(DATA RECORDS begins)
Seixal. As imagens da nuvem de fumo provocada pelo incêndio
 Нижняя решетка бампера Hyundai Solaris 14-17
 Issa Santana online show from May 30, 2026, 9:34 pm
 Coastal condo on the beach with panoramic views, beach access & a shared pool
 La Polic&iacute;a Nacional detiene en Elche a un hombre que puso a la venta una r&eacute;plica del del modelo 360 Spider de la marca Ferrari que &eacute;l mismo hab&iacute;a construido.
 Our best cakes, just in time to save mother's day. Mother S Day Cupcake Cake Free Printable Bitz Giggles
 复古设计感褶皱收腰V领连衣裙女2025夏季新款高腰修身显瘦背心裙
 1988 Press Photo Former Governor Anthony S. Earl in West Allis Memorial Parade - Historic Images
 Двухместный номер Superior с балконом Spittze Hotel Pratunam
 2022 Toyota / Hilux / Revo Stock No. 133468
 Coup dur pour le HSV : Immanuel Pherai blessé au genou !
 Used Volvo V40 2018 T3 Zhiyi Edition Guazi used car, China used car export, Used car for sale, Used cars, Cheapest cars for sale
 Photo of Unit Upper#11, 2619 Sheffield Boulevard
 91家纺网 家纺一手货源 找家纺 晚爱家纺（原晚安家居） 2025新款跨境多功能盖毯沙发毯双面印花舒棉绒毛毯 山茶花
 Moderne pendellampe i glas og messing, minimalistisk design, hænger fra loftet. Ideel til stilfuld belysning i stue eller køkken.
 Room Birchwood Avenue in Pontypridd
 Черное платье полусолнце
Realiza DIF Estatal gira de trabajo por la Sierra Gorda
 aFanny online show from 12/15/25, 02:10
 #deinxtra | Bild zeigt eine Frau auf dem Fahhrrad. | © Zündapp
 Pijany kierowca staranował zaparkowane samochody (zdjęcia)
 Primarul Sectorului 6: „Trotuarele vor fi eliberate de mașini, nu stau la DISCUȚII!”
(DATA RECORDS ends)
### [EXERCISE PROMPT]
Give back the records word for word. Start at the first line, end at the line containing "Used Volvo V40", and include both.

### [REPLY]
Seixal. As imagens da nuvem de fumo provocada pelo incêndio
 Нижняя решетка бампера Hyundai Solaris 14-17
 Issa Santana online show from May 30, 2026, 9:34 pm
 Coastal condo on the beach with panoramic views, beach access & a shared pool
 La Polic&iacute;a Nacional detiene en Elche a un hombre que puso a la venta una r&eacute;plica del del modelo 360 Spider de la marca Ferrari que &eacute;l mismo hab&iacute;a construido.
 Our best cakes, just in time to save mother's day. Mother S Day Cupcake Cake Free Printable Bitz Giggles
 复古设计感褶皱收腰V领连衣裙女2025夏季新款高腰修身显瘦背心裙
 1988 Press Photo Former Governor Anthony S. Earl in West Allis Memorial Parade - Historic Images
 Двухместный номер Superior с балконом Spittze Hotel Pratunam
 2022 Toyota / Hilux / Revo Stock No. 133468
 Coup dur pour le HSV : Immanuel Pherai blessé au genou !
 Used Volvo V40 2018 T3 Zhiyi Edition Guazi used car, China used car export, Used car for sale, Used cars, Cheapest cars for sale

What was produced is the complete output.